DX organization. But unfortunately, because there is no foundation for collaboration, there is no real organization that wants to use it. So it doesn’t really get utilized. From an executive perspective, it’s a lost cause. What happens to DX organizations? Unfortunately, it’s not long before they are dismantled. Experts who feel they’re not making a difference resign and leave the organization.

While a lack of cross-functional collaboration is part of the reason for this outcome, it’s more fundamentally a management issue. It’s a lack of understanding of the nature of DX and how to execute it. The most important gateway to the success of DX is to define the immediate and pressing problems within the company, and to make sure that they can be solved through DX – to be clear about what the problem is, why it needs to be solved, and what it will accomplish.

And then the executive team needs to be an active sponsor to help drive it forward. When that happens, it’s hard for line-of-business organizations to not be on board with the idea that DX is going to solve their biggest pain points. And then there’s the executive team behind it.

The importance of executive leadership: alignment with the workforce

In any organization, large or small, there’s a natural reaction to the introduction of unconventional practices. It’s almost instinctive. The so-called experts brought in from the outside are viewed with wariness. Executives can’t afford to let this happen. If you want DX to take root in your company, you need to not only create an organization, but you need to be a strong sponsor and provide constant attention and support so that it fits in well with the existing organization.

Executives need to take the initiative to show interest in DX findings and actively work together to figure out how to utilize and scale them. They need to continue to provide the same strong support as they did when the DX organization was first created. This will increase your chances of success.

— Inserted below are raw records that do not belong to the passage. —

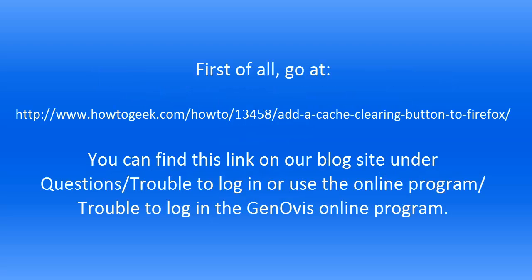First of all, go on the following website. You can also find this link on our blog site under the tab Questions, Trouble to Login or Use the Online Program.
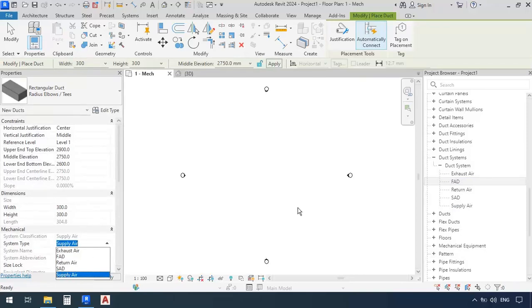So now here's another thing. I would like the color of my supply air ducts to be different from the color of the fresh air ducts. We're going to have to adjust that once again in the project browser window.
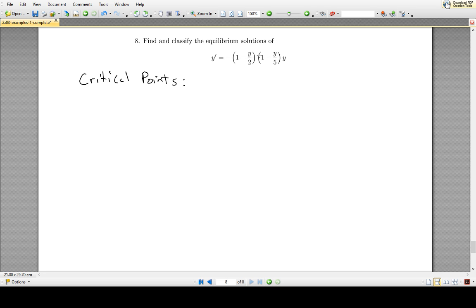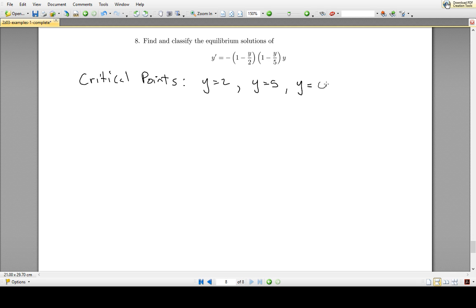When y equals 2, that makes the first set of brackets 0, so y equals 2 is a critical point. Y equals 5 makes the second set of brackets 0, so y equals 5 is also a critical point. And finally, if we let y equals 0, that also makes the right-hand side 0, so y equals 0 is also a critical point. From these critical points we can get the equilibrium solutions.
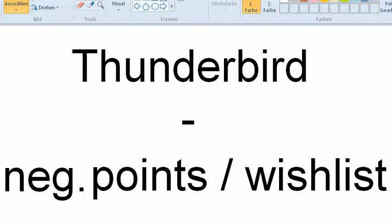Hi! In this video I want to show some negative points about Thunderbird's newsreader functionality. So let's get started.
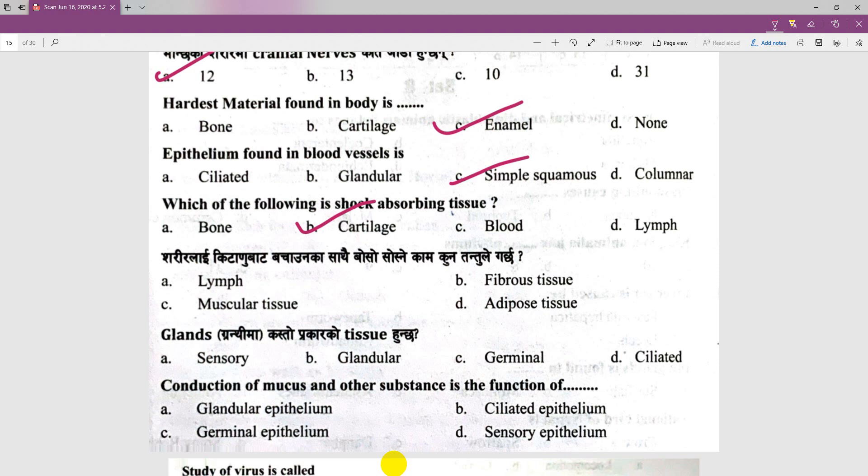Glands — granthi — are of different types: prostrate type and glandular tissue. The conduction of mucus and other substances is the function of ciliated epithelium.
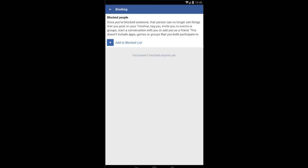They also won't be able to start a conversation with you or send you a friend request. Click the plus sign to add to the block list and type the email address of the person you want to block, then press the enter key.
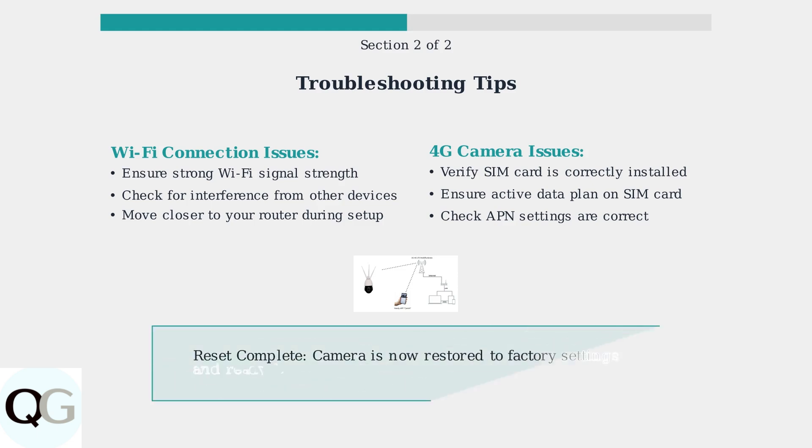Remember to keep your firmware and app updated for the best performance.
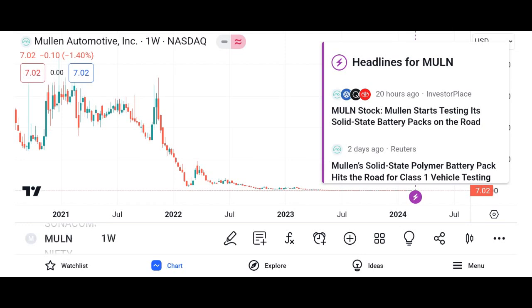Company overview. Provide background information about Micron Technology, including its founding, headquarters, and primary products. Highlight the company's position in the semiconductor industry and its competitive advantages.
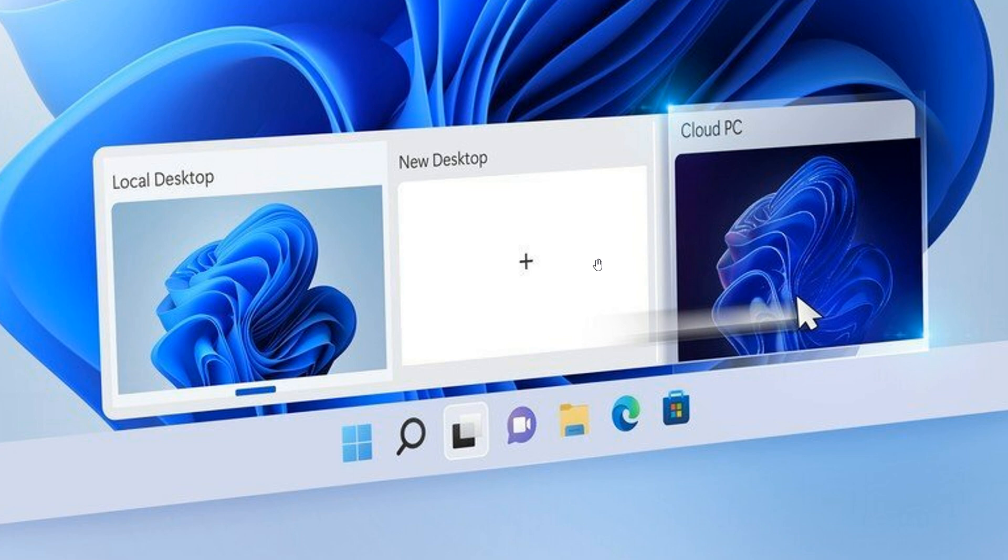Now, yesterday, at the hybrid work event on the 5th of April 2022, Microsoft has announced some improvements to Windows 365, which they are calling new experiences, which they say will bring new options and bring the power of the cloud and the familiarity of the PC together, according to Microsoft.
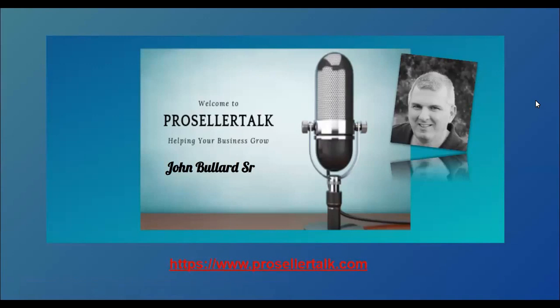Hey guys, welcome to Pro Seller Talk. I am your host, John Willard, Sr. Today, I have a special presentation for you. This is a presentation to show you how to set up an Amazon USA seller account. And we're going to get started.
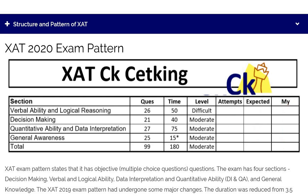The ideal attempt in the XAT paper: from the Verbal section it should be around 16 questions out of 26. For Decision Making, again 15 to 16. And in Quant the ideal attempt should be around 18. So the ideal attempts are: Verbal 16, Decision Making 15, Quant 18 — based on the last two to three years' papers.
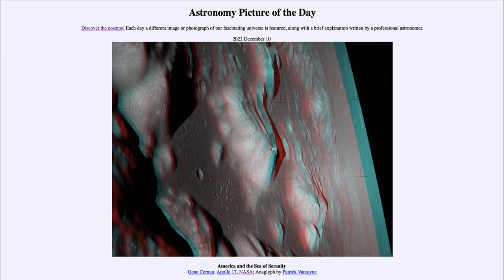So here we see the lunar lander for Apollo 17, one orbit before getting ready to descend to land on the surface of the moon 50 years ago, December 11th of 1972. So that was our picture of the day for December 10th of 2022, titled 'America and the Sea of Serenity.'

Executive sponsorship to drive DX success

It’s not an exaggeration to say that eight percent of DX success comes down to strong executive sponsorship. Not only do you need to create a dedicated organization to execute, but you also need to exert direct and indirect influence to ensure that they are well integrated into the existing organization. If you don’t think you can do that, you’re better off not creating an organization and just adopting DX tools. Once again, it’s important to remember that the key to DX success is the executive team, not the practitioners. DX doesn’t happen in a vacuum, so it’s important to lower expectations, celebrate small wins, and be patient. Doing so will ensure a successful start to your DX journey.